Rewind - Colonel James Fitzmaurice

By Sean Heffernan

This week we are revisiting a notable landmark that has previously featured in this column, as it was the backdrop to a world-famous event that happened 82 years ago.

So we are walking out of Moyle Park house onto Convent Road, turning right up Tower Road and onto Ninth Lock Road where we will board the 68 bus at stop 6011 ‘Thornfield Square’, outside the Post Office.

We will stay on the bus for 14 stops where we then alight at stop 7483 named after today’s location – Baldonnell Aerodrome.

For it was here, from this airfield, that Colonel James Fitzmaurice of the Irish Army alongside two Germans Herman Kohl and Ehrenfried Günther Freiherr von Hünefeld took off on their historic flight to North America.

While Alcock and Brown had managed to fly from North America to Europe a few years before, difficult winds, in particular, had seen off numerous Europe-North America challenges.

So as they strapped into their cockpit seats, they would have been aware that the expectations of the world were on their shoulders, as they attempted to do something that had never been achieved before.

Fitzmaurice had been part of another, albeit failed, attempt when he and Captain Robert McIntosh were forced to abandon their efforts not long after they had flown over the last remnants of Erin’s Isle somewhere in Galway, due to extremely bad weather.

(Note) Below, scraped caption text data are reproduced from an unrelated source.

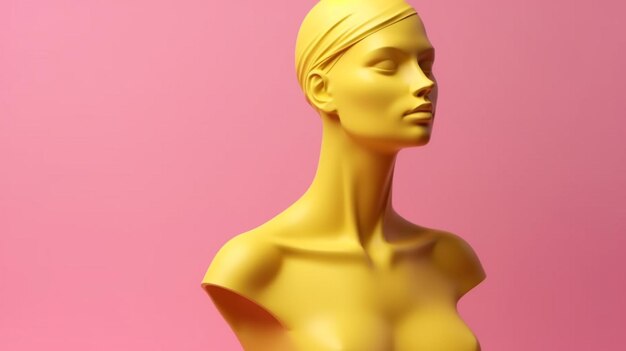 Foto un maniquí amarillo con un maniquí amarillo sobre un fondo rosa.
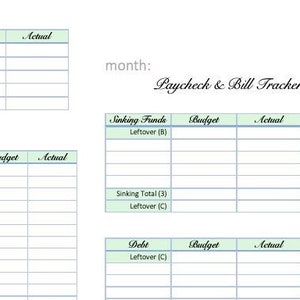 Monthly Paycheck and Bill Tracker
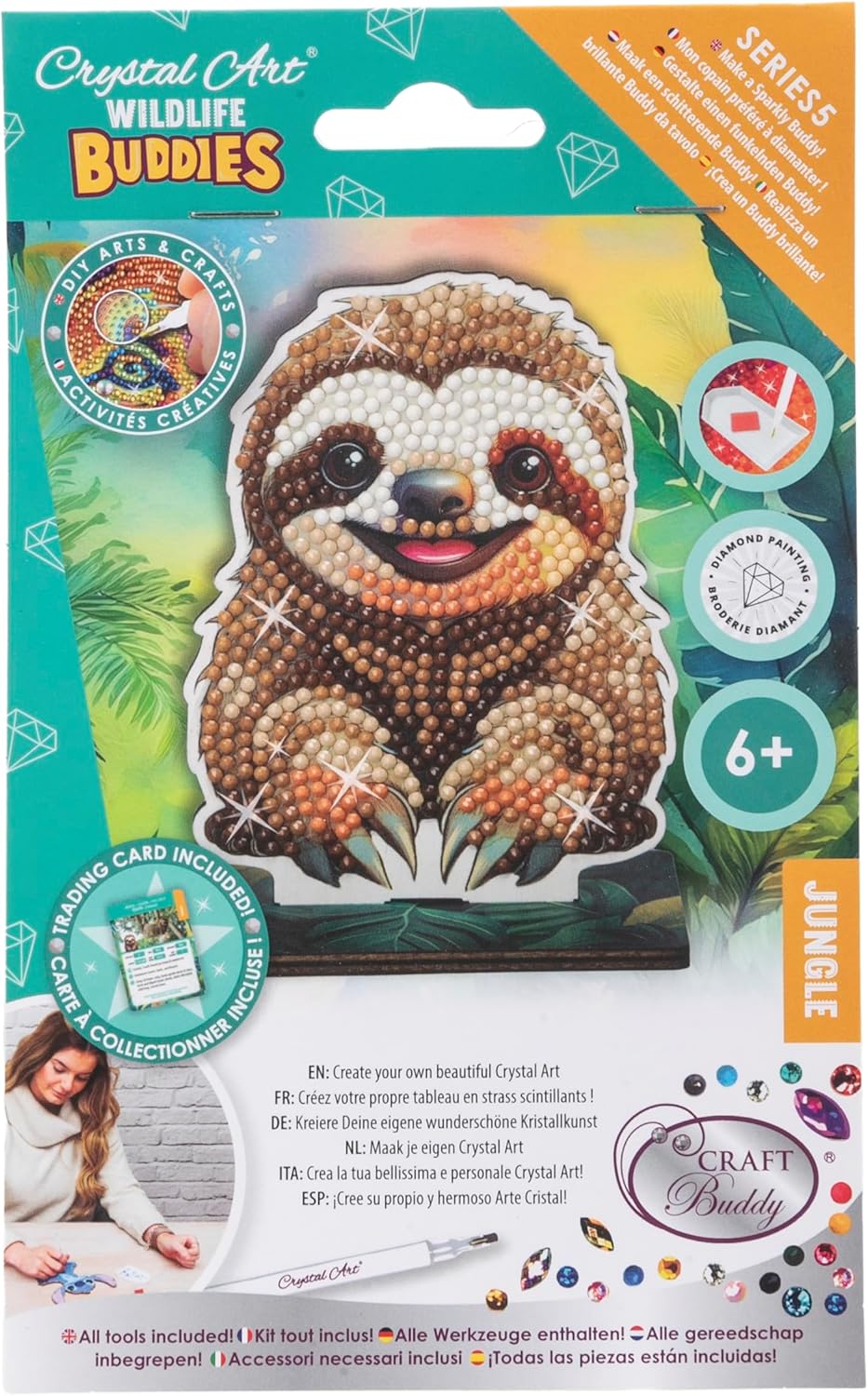 CRYSTAL ART Sloth Wildlife Buddies Kit Craft Buddy
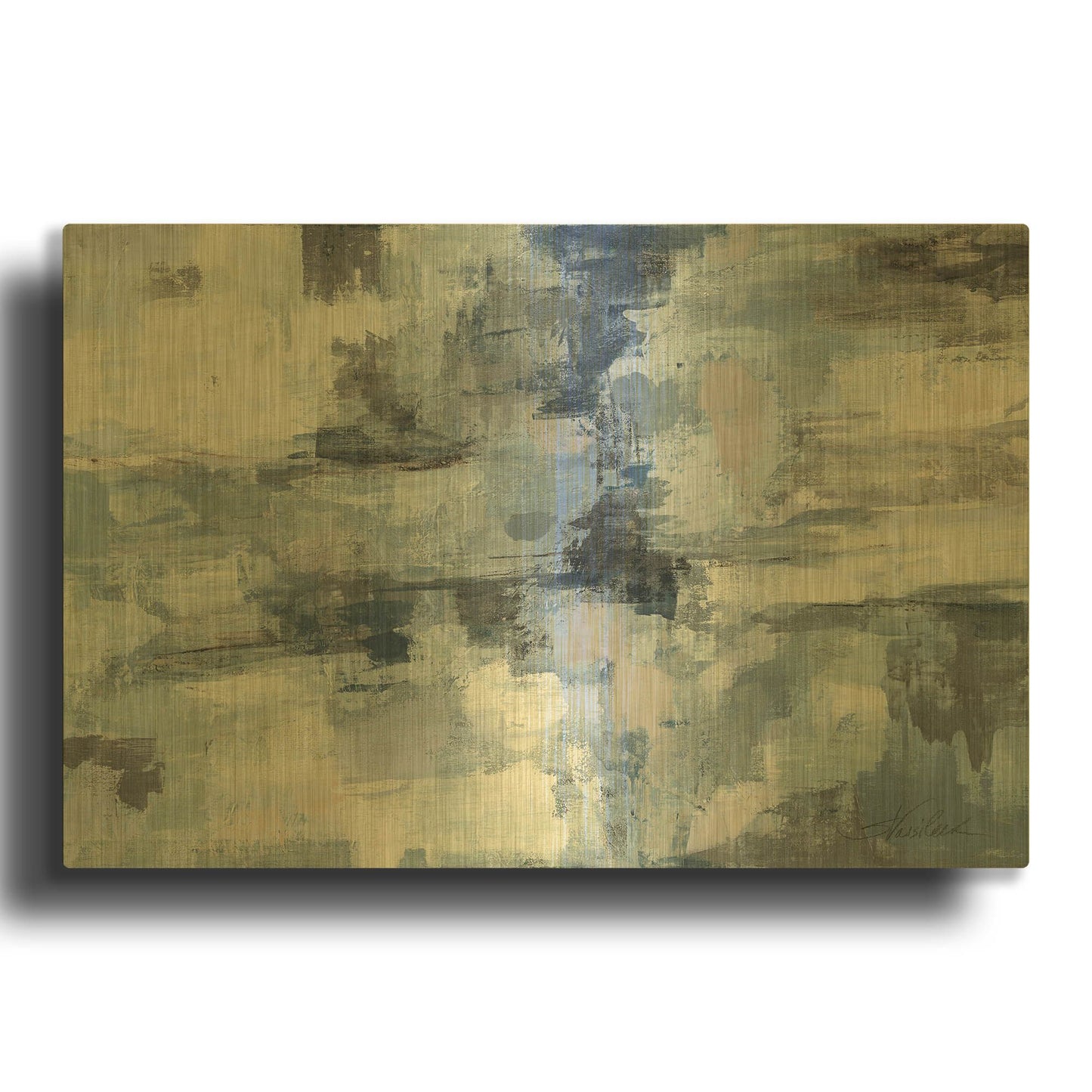 'In The Clouds Indigo and Grey' By Silvia Vassileva Gold Metal Wall Art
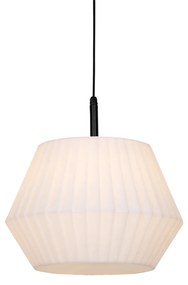 Lampada a sospensione moderna da esterno nera con paralume bianco 45,6 cm IP44 - Robbert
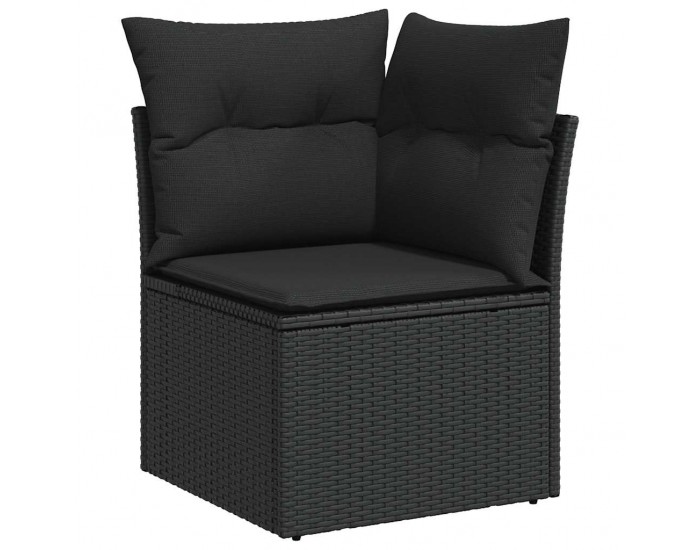 Sonata H Ъглов градински диван с възглавници, черен, полиратан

Baldonnell Aerodrome was first used by the Royal Air Force in 1917, and it then formed part of the RAF’s ‘Ireland Command’.

It was renamed in 1965 after Roger Casement, the former British diplomat who was executed for his part in helping to bring about the 1916 Rising, and it retains that name to this day.

In 1922 the aerodrome came under the command of the Free State Army, and it became the headquarters of the newly established Air Service.

At that time there were 14 pilots based at Casement, and they flew 13 aircraft from the facility.

Today approximately 750 personnel form part of the Irish Aer Corps, and they operate 17  Aeroplanes, and 10 Helicopters, of various sizes and makes.

The aircraft chosen for this record breaking attempt was the ‘Junckers Bremen 33’ aircraft, which was built at their factory in Dessau 126km southwest of Berlin.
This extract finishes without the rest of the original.